Os Desembargadores elogiaram a condução da instituição sob a presidência do Desembargador Artêmio Barreto. Posso testemunhar que na sua Presidência, o senhor foi um administrador correto, equilibrado, que pensou com uma visão institucional o melhor para o Judiciário. As obras que o senhor deixou foram voltadas ao aperfeiçoamento da prestação jurisdicional, observou a Desembargadora Aparecida Gama da Silva, que auxiliou a Presidência antes de integrar o colegiado.
O senhor encerra uma grande administração, com chave de ouro, dando uma demonstração de como um homem público deve manter a sua vida pessoal e pública, com dignidade e sendo exemplo para sua família e para o Judiciário, afirmou o Desembargador José Alves Neto.

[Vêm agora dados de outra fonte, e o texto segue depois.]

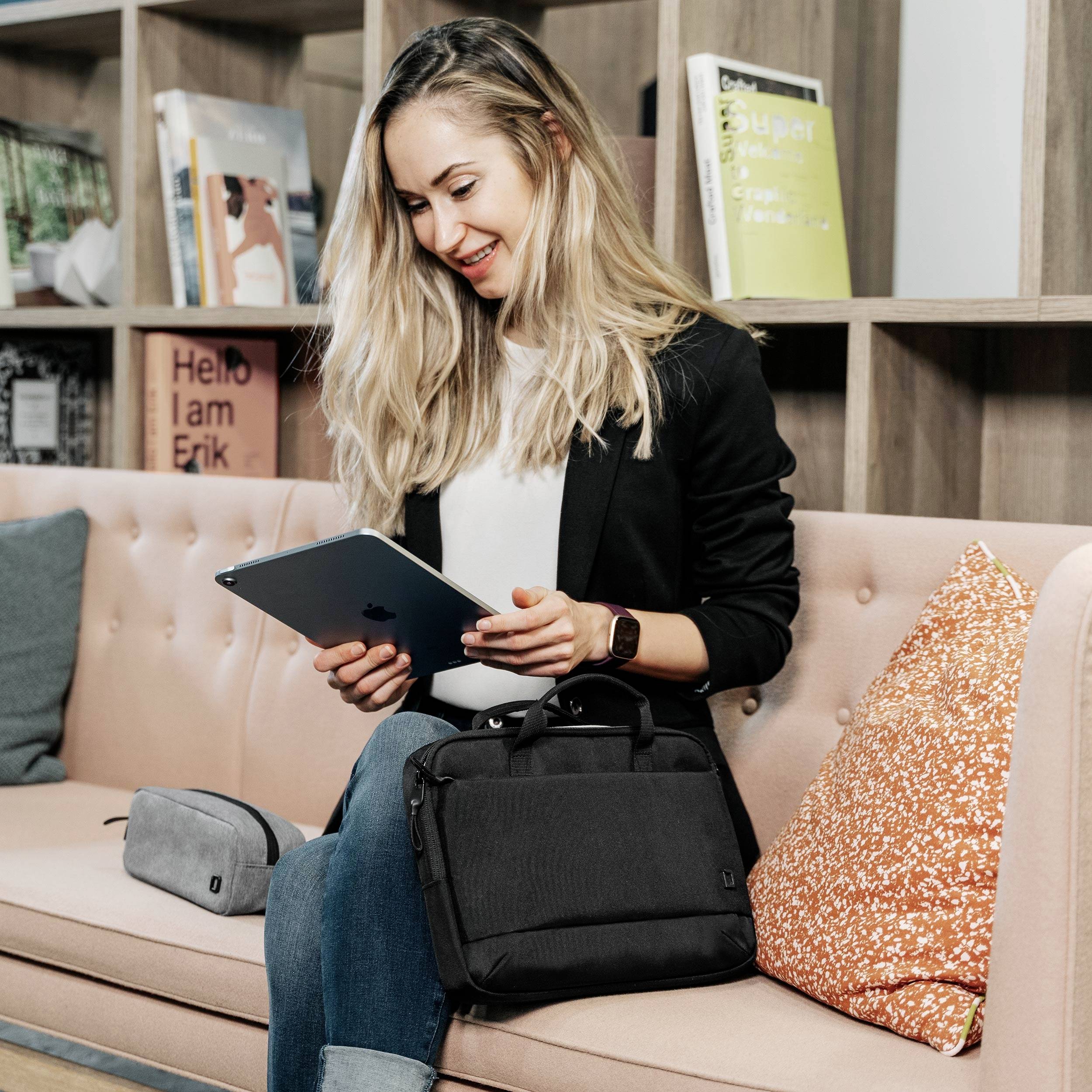 Eine lächelnde Frau sitzt auf einem Sofa und hält ein Tablet. Im Hintergrund sind Bücherregale sichtbar. Eine Tasche liegt neben ihr.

Ao se referir ao colega, o Desembargador Netônio Machado, disse: Vossa Excelência deixa esta Corte elevado, sem dúvida, com um sentimento grandioso e inegável de dever cumprido, de compreensão, de humanidade, de humildade, de sensibilidade e de correção.
O senhor sempre foi, no exercício da Magistratura e continuará sendo, um exemplo de dignidade, correção e postura, disse o Desembargador Osório Ramos Filho. Vossa Excelência, nessa trajetória, plantou os frutos que irá colher na sua aposentadoria, prematura, por assim dizer, porque ocorre quando o senhor ainda se encontra em sua plena capacidade intelectual no exercício da Magistratura, completou o Desembargador Edson Ulisses de Melo.

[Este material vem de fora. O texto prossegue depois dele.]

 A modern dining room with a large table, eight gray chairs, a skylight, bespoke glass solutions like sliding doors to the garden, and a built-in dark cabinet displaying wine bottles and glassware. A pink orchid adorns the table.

O Corregedor-Geral de Justiça, Desembargador Luiz Mendonça, também elogiou o Presidente do TJSE. Desembargador Artêmio Barreto, o senhor alegra seus colegas por ter demonstrado cumprir seu dever com lealdade, vitalidade, humanismo, responsabilidade, mostrando-se ser um bom pai, um bom filho, um bom chefe, porque tratou todos os funcionários com uma preocupação sem medida, qualificando-os melhor. Sinto-me orgulhoso de trabalhar com Vossa Excelência e tenho certeza que este é o sentimento de todos os colegas que hoje se despedem do senhor nesta sessão.
Desembargador José Artêmio Barreto
Jamais pedi riqueza e poder. A riqueza porque não poderia levá-la comigo na última morada e o poder porque é efêmero e constrói muito pouco, devendo ser um instrumento apenas para servir. Assim, o Presidente do Tribunal de Justiça de Sergipe, Desembargador Artêmio Barreto, iniciou seu discurso de despedida do Tribunal Pleno dessa quarta-feira, dia 09.
Depois de agradecer as palavras honrosas dos membros do colegiado do Poder Judiciário, o Desembargador Artêmio revelou que durante sua vida pública sempre seguiu a seguinte premissa, um pedido constante ao Criador: Senhor, não me permita ser injusto porque, talvez isso, seja pior do que uma espada que penetra o corpo.
O Desembargador José Artêmio Barreto nasceu na cidade de Boquim, no dia 15 de julho, e bacharelou-se em Direito pela Universidade Federal de Sergipe em 08 de dezembro de 1970. Atuou como advogado de fevereiro de 1971 até 22 de fevereiro de 1979, quando foi empossado Juiz de Direito da Comarca de Boquim, então de 1º Entrância, lá permanecendo como titular até 12 de setembro de 1981 e substituindo, cumulativamente a Comarca de Estância, até março de 1984. Em 13 de setembro de 1981, tomou posse como Titular da Comarca de 2º Entrância de Estância, promovido por merecimento.
Em 30 de setembro de 1985, foi removido para Aracaju, onde ocupou durante 15 anos a 1º Vara de Assistência Judiciária, projeto pioneiro no Brasil e de grande alcance social, criado e desenvolvido no Estado de Sergipe. Promovido, por merecimento, foi empossado Desembargador em 11 de setembro de 2000. Sete anos depois foi eleito Presidente do Tribunal de Justiça de Sergipe pelo critério antiguidade e implantou a Gestão Humanismo e Transparência.